A standard third-party questionnaire was built for software that does one predictable thing. AI vendors break that assumption: the same contract can put a model, an autonomous agent, and a hidden chain of sub-processors inside your environment. The result is that "who is accountable" stops being obvious, which is exactly the question a vendor risk assessment exists to answer.
This workflow keeps the answer concrete. For every vendor you name one accountable party per responsibility, and you ask for evidence that proves the vendor holds its side. Work through the steps in order. The companion vendor risk reference holds the per-category evidence lists you will pull from in steps 3 and 4.
Five-step workflow
Tier the vendor before you spend effort on it
Assessment depth should track risk, not contract value. Score the vendor on three axes and let the highest score set the tier. A cheap agent with write access to production outranks an expensive read-only analytics tool.
| Axis | Ask |
|---|---|
| Data sensitivity | Does the vendor touch regulated, confidential, or customer data, or only low-sensitivity data? |
| Autonomy | Does it take actions on your systems on its own, run with a human in the loop, or only return information? |
| SRF depth | How deep does it reach: app features at L3, the platform at L4, or the model itself at L5? |
Tier 1 (critical) if any axis is high: full assessment and a contractual responsibility matrix. Tier 2 (elevated) for business data or human-in-the-loop app features. Tier 3 (standard) for low-sensitivity, bounded, non-autonomous tools.

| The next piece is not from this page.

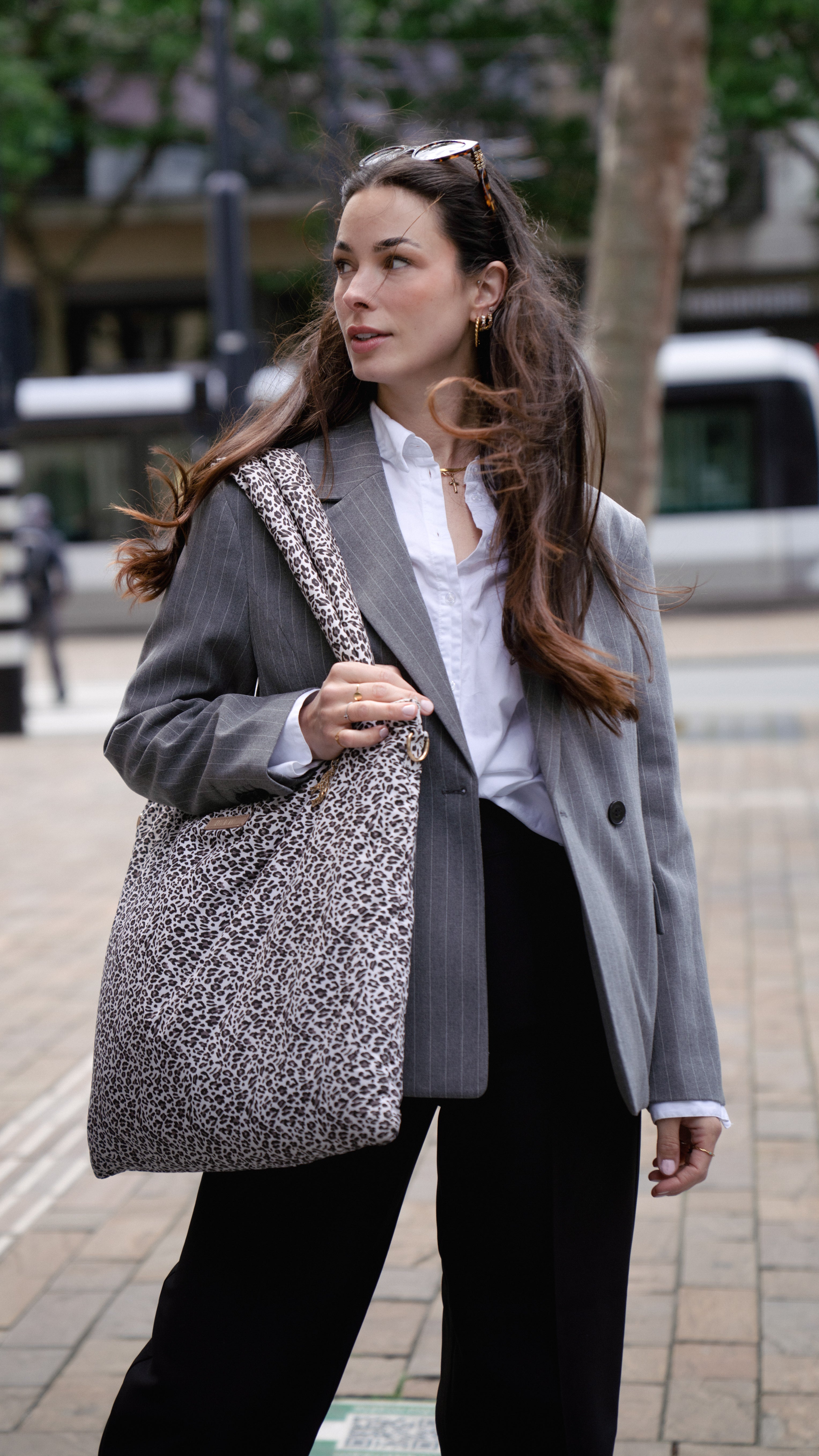 The Lily Tote – Snow Leopard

Place the vendor on the SRF
Match the vendor to one of the seven categories and read off the SRF layers it touches and the operating model it implies. The layer tells you which responsibilities are even in play; many failed assessments come from asking platform questions of a model provider, or model questions of a reseller.
A single vendor can occupy more than one category. A SaaS product with an autonomous agent and its own hosted model spans L3, L4, and L5. Assess each layer it reaches rather than forcing one label.

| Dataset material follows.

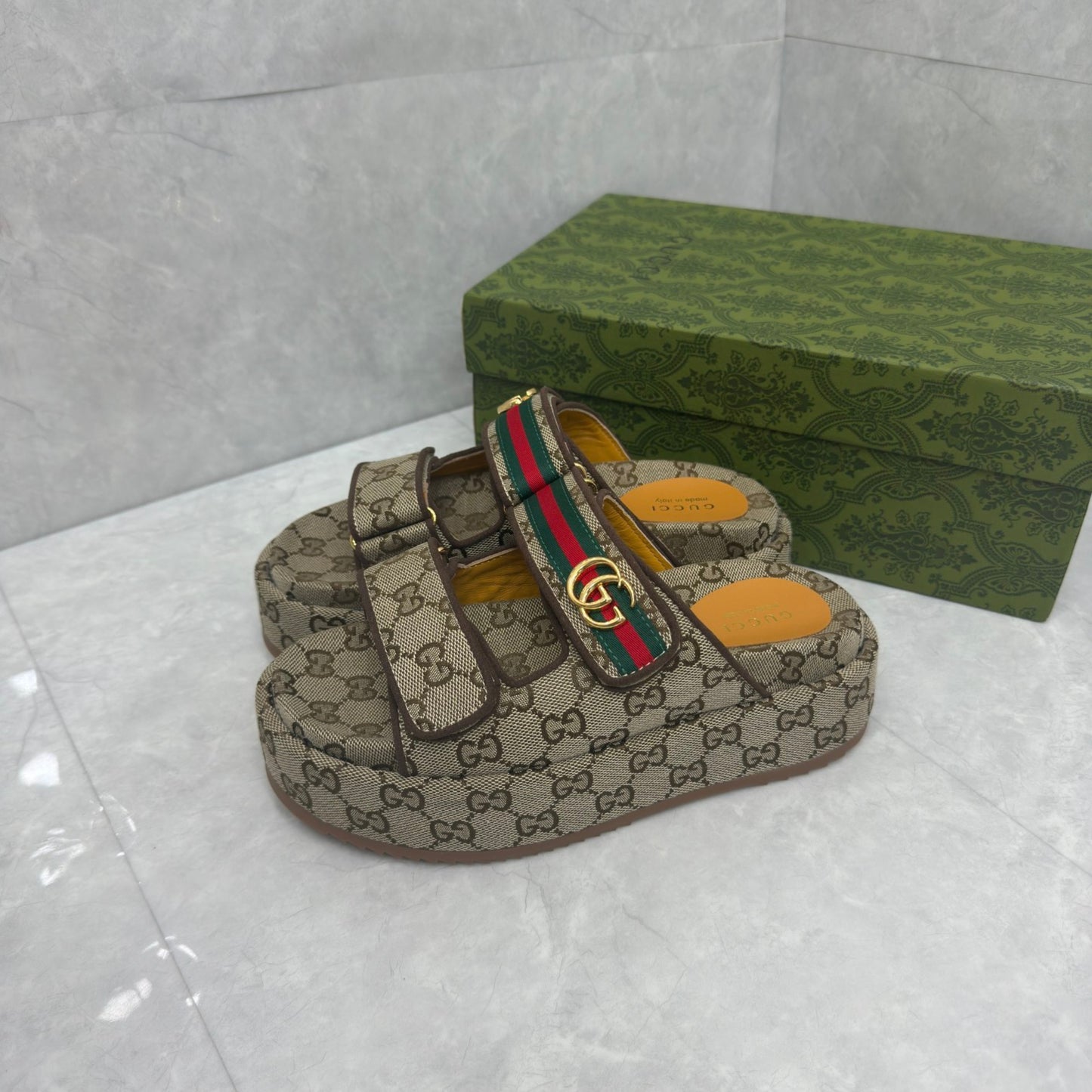 Sandália GG Plataforma Slider com Double Bege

Split the accountability, one owner per responsibility
For each responsibility in the category, decide who owns it: the vendor or you. "Shared" is not a valid final answer. Where a duty looks joint, break it into the part the vendor controls and the part you control, and assign each part to one owner. This split becomes a column in your workpaper and settles disputes before an incident, not during one.

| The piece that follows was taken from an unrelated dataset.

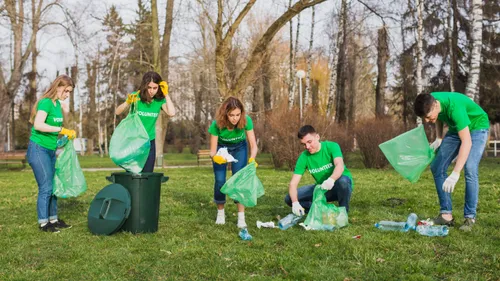 Les étudiants de Charleville organisent un clean up day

- Write the vendor's duties as commitments you can verify, not as marketing claims.
- Write your own duties down too. Tenant data classification, identity, override configuration, and output monitoring almost always stay with you.
- Flag any responsibility neither side will own. That gap is the finding.
Demand evidence, not assertions
Pull the evidence list for the category from the reference page and send it as the ask. Match each attestation to the risk it actually covers: SOC 2 proves security controls operated, but says nothing about model behavior, bias, or autonomy. ISO 42001 is the signal that a vendor runs a governed AI program. For Tier 1 vendors, insist on evidence of controls operating over time rather than a single annual snapshot.
The AI-specific asks are the ones checklists miss: prompt-injection and indirect-injection defenses, model and weight provenance with an AIBOM, agent permission and override controls, training-data provenance and IP indemnity, and the full sub-processor chain with data residency.
The workpaper below carries every category's asks with columns for the response, the evidence received, and a pass or fail decision.
Write the boundary into the contract
An assessment that lives in a spreadsheet expires the day the vendor ships a new model version. Move the conclusions into the agreement so they survive change. The responsibility matrix, the evidence cadence, and the AI-specific commitments all belong in contract terms, not just in the security review.
- Attach the responsibility matrix and require notice when the vendor changes models, sub-processors, or autonomy defaults.
- Bind data-use limits: tenant data is not used to train shared models, with deletion certificates on exit.
- Allocate liability for AI-generated harm and secure IP indemnity for model output.
- Set the evidence cadence: continuous or annual, and the right to re-assess on material change.
Re-tier on every material change. A vendor that adds an autonomous agent or starts hosting its own model has moved up the stack and earns a fresh assessment, whatever its last score was.